Quanto à autoridade, bem, nem o mais pintado esquerdista pode imaginar um mundo inteiramente governado por consenso. O pensamento de uma população mundial de quase sete mil milhões de pessoas a operar como um coletivo consensual faz-me estremecer de horror e querer mudar-me para a Lua imediatamente. Já estive em coletivos consensuais. Só as reuniões duravam uma vida. Por muito que me custe admitir, alguma espécie de autoridade — atribuída democraticamente, com o consentimento dos governados, com poderosos contrapesos e fiscalização, obviamente — é provavelmente necessária para para que a sociedade humana funcione suavemente, ou mesmo de todo.
Mesmo as sociedades mais progressivas (estou a olhar para ti, Suécia) não abandonaram a ideia da autoridade e da lei. Provavelmente precisamos de leis contra o assassínio e o roubo e passar os sinais vermelhos e por aí fora... e provavelmente precisamos de pessoas cujo ofício é obrigar a cumprir essas leis. (Se não fosse por mais nada, os nossos maravilhosos valores universais da equidade e da solidariedade nada significariam se não houvesse consequências para quem os violasse). É como eu sempre digo aos extremistas libertários que querem um mundo sem governo: Mudem-se para a Somália. E com o que se parece um mundo sem um governo a funcionar.
Quanto à pureza... bem, embora eu ache a ideia da pureza como valor moral um tanto desconcertante, faz certamente algum sentido de um ponto de vista prático. O princípio da pureza tem a ver com a ideia de que o corpo deve ser puro e santo, não profanado pelo que está contaminado ou é mau... e entre outras coisas, uma revulsão inata contra o que é impuro é o que nos impede de comer coisas que podem matar-nos.
Portanto, não estou a dizer que os valores tipicamente conservadores não têm lugar num sistema ético humano, ou que conservadores considerados e não loucamente extremistas tipo Tea Party não têm uma voz válida nos diálogos e decisões sobre ética, e sobre como a ética deve ser aplicada na política e na lei.
O que eu digo é que, quando debatemos temas políticos, podemos fazer mais do que andar à volta, imaginando que estamos a falar dos mesmos valores quando claramente não estamos. Penso que, quando debatemos temas políticos, será muito mais produtivo contemplar, não só a questão específica, mas as mais largas diferenças nos nossos valores base, e como estamos a aplicá-los à questão em apreço.
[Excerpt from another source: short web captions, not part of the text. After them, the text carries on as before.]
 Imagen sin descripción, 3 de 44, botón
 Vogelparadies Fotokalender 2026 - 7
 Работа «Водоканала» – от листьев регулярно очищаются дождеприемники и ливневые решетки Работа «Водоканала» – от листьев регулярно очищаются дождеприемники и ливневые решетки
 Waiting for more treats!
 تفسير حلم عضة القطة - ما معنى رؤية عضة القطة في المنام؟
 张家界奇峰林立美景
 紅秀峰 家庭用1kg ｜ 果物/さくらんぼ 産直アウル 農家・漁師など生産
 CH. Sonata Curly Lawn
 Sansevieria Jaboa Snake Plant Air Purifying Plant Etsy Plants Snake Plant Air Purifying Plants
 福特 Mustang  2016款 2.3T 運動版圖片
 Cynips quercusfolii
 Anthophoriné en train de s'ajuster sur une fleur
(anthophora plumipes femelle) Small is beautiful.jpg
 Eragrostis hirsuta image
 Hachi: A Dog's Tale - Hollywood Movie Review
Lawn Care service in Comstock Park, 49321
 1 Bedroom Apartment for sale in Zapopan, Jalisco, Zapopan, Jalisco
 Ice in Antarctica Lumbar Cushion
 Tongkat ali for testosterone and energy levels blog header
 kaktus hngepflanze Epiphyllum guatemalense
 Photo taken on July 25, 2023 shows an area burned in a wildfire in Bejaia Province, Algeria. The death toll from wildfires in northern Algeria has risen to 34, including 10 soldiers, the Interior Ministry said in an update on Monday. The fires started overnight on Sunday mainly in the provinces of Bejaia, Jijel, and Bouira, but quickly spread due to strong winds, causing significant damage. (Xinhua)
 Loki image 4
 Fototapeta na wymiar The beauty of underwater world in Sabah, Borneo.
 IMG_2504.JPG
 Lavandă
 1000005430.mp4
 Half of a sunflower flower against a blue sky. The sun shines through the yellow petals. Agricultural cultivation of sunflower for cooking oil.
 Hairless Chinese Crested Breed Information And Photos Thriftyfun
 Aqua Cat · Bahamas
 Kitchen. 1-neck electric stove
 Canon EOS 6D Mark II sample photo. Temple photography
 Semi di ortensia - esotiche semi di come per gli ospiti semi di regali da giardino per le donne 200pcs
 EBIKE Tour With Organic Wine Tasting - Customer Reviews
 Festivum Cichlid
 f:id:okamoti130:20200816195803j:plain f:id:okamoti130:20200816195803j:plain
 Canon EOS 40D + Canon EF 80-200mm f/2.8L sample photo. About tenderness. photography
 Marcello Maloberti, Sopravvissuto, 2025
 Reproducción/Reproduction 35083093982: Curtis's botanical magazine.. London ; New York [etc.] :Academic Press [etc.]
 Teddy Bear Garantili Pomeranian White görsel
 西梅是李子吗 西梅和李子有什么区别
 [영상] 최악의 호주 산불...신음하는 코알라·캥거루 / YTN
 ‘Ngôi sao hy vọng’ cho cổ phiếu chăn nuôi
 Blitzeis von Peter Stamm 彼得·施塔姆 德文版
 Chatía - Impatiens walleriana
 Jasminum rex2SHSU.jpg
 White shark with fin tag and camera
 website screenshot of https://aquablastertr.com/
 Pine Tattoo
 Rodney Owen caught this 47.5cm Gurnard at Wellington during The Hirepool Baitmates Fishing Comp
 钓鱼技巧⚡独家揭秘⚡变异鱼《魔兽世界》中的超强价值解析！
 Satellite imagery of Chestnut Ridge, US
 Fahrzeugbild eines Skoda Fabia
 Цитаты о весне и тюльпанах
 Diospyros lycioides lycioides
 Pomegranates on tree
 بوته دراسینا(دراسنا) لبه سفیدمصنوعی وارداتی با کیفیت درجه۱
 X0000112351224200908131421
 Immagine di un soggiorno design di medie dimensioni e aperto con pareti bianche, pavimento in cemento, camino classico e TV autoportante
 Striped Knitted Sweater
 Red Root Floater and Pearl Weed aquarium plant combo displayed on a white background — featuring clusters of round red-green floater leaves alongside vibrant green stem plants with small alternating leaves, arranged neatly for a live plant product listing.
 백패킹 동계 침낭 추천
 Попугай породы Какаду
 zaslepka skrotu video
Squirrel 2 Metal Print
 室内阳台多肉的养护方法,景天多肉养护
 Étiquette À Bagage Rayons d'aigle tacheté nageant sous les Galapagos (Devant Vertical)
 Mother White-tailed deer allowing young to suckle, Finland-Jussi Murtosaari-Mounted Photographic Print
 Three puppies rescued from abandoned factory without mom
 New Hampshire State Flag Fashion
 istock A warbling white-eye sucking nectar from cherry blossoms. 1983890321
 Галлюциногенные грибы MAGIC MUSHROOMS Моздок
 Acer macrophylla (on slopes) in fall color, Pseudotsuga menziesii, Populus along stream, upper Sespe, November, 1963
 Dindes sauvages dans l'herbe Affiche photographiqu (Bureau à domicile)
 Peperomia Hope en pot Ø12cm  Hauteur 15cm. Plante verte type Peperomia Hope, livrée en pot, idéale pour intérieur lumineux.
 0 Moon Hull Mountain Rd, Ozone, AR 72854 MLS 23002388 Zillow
E digo que podemos na verdade distinguir entre diferentes valores básicos e dar prioridade a uns sobre outros — e que, a não ser que haja uma razão de peso para dar prioridade aos valores tipo “alguns animais são mais iguais que outros” da autoridade, da lealdade ou da pureza, deveríamos dar primazia aos valores universalizáveis da equidade e de não fazer mal.
Digo que qualquer progresso moral que a humanidade tem feito ao longo de séculos e milénios, não foi na direção de maior aderência à autoridade, pureza ou lealdade tribal ou grupal, mas na direção de expandir a nossa compreensão e aplicação da equidade e de evitar fazer mal. Digo que, em cada exemplo em que consigo pensar em que a nossa moralidade claramente melhora sobre a moralidade do passado — a democracia, o banimento da escravatura, a liberdade de religião, o direito de voto para as mulheres, etc., etc. — os valores básicos que foram reforçados foram os da equidade e de não fazer mal, ou solidariedade: os valores progressistas, aqueles que podem ser aplicados não importa onde.
Tenho sido uma orgulhosa progressista desde que tive idade suficiente para escolher. E agora tenho mais orgulho que nunca. Porque a evolução moral da humanidade, em cada instância em que consigo pensar, tem sido no sentido de tornar-se mais progressista.
Nota: O termo usado por Greta Christina é liberal. Mas isso aqui seria fonte de confusão. Traduzi por progressista, o que coincide mais com o significado que o termo liberal tem nos EUA.
* Nerdo não se usa em português mas devia usar-se.